La neige qui s’abat depuis des heures a complètement recouvert les environs de la petite église de Rougemont. L’endroit a des allures de bout du monde, où terre blanche et cieux laiteux se confondent. Une poignée de spectateurs s’acheminent difficilement vers ce haut lieu des Sommets musicaux de Gstaad. Contrairement à la veille, l’église ne sera pas pleine. C’était prévisible : après les palpitantes Variations Goldberg qui exploraient la combinatoire musicale dans de multiples voies, voici l’exigeant Quatuor pour la fin du Temps, ses danses arides, ses chants étirés à l’infini. Une impasse aux dimensions de l’éternité.
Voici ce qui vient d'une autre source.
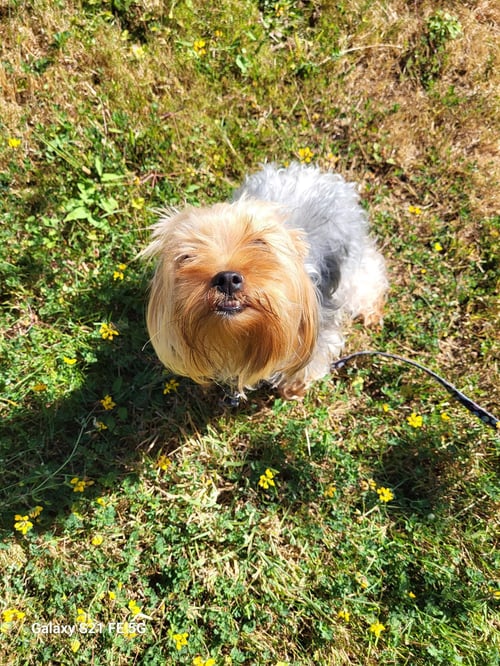 LADY - Yorkshire Terrier Yorkie available for adoption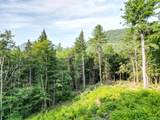 F4 Cave Mountain Drive - Photo 9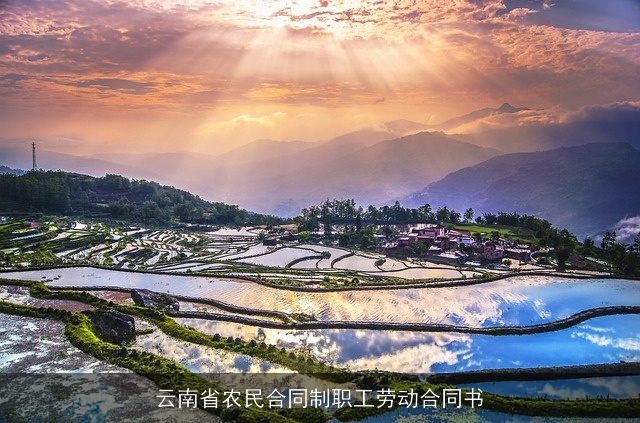 云南省农民合同制职工劳动合同书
Place au silence. Puis au « silence harmonieux du ciel », ainsi qu’Olivier Messiaen décrivait son bref premier mouvement. Dans un premier temps, la clarinette de Paul Meyer et le violon de Raphaëlle Moreau se transforment en oiseaux un peu trop concrets pour incarner le mystère messiaenesque ; les harmoniques surnaturels de Yan Levionnois, au violoncelle, peinent à se faire entendre. On oubliera bien vite ces réserves initiales. À partir du deuxième mouvement, les musiciens commencent y croire et nous avec : violon et violoncelle proposent un duo saisissant, à l’intonation parfaite, tressant un fil d’or au-dessus des harmonies scintillantes du piano. Saluons dès à présent l’implication d’Adam Laloum dans une partition ingrate : jamais mis en avant par Messiaen, le piano est cependant toujours le discret garant du temps et des couleurs. Et Laloum, avec sa manière de rentrer en profondeur dans le clavier et d’en tirer un son minéral, ne lâchera pas une note, pas un accord, pas une phrase. Attentif à la moindre inspiration de ses partenaires, il les accompagnera jusqu’au bout.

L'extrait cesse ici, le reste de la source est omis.